I’m not a club guy and thanks to living in the country, I rarely, if ever go to trendy bars here because they’re always too loud and too crowded. It wasn’t much fun in the States and it hasn’t gotten any better in Korea. What gets me here is that this place felt like every other basement/dive in the States, only it instead of being just some neighborhood tap, it’s a viable and “cool” destination.
Yes, you can bring the leftovers home if you ask.

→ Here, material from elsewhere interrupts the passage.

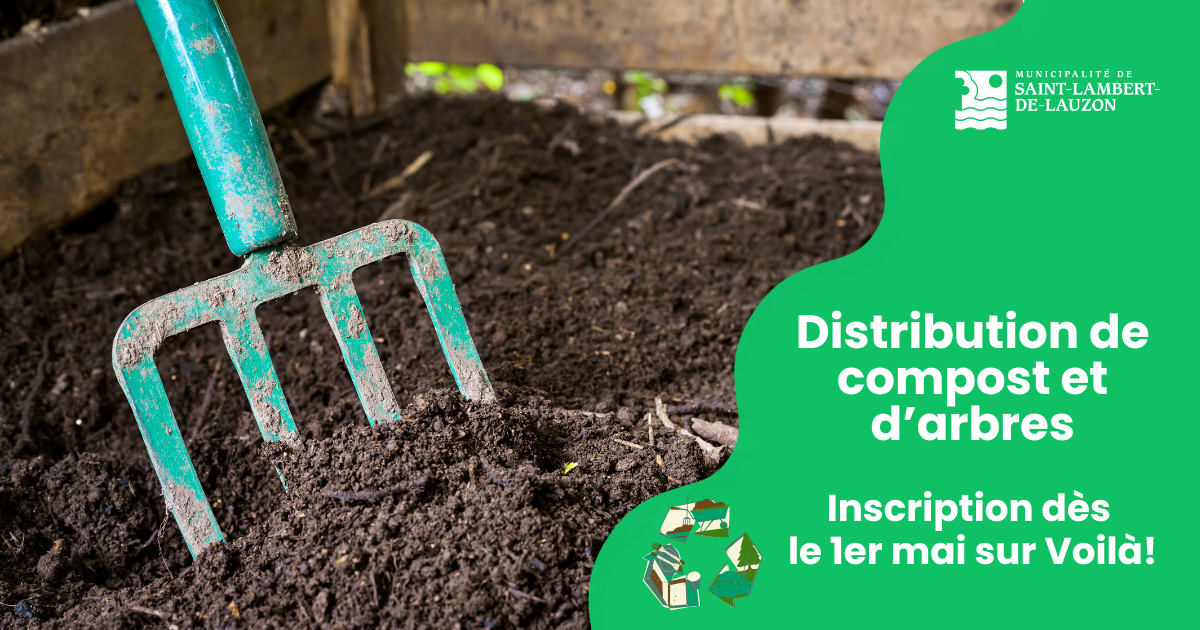 Réservez votre compost et votre arbre dès le 1er mai!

We ate some excellent grilled duck at the Well Being Restaurant near Noksapyoung Station. While there, we learned something quite valuable: We can take the leftovers home. The thought came when I saw that we couldn’t possibly finish all the duck in one sitting. I wondered if it’s possible to take it home in a bag. We wondered if it was even possible since none of us had ever taken any leftovers home in all of our 15 months in-country, but yes, it is. All I did was ask about a box for the leftovers and the lady said fine. She gestured to grill the rest of the (delicious) duck and came back later on with some foil and a bag to carry it home in.
Victory. No more will we leave meat ungrilled and wasted.
More DVD bang stuff
Saw the new Total Recall. Pretty decent film. We hadn’t seen it yet and I must say, it’s a good film to watch in a home theater-like setting because of all the action! My memory of the first Recall—the one with Schwarzenegger—is hazy, but the new one had a grittier and darker feel to it.
The Barket – World Beer Outlet in Hyehwa
It's decent bar with big TVs, abundant seating, and a good selection of international brews on sale. Everything’s self service. We met a couple friends here for a bit.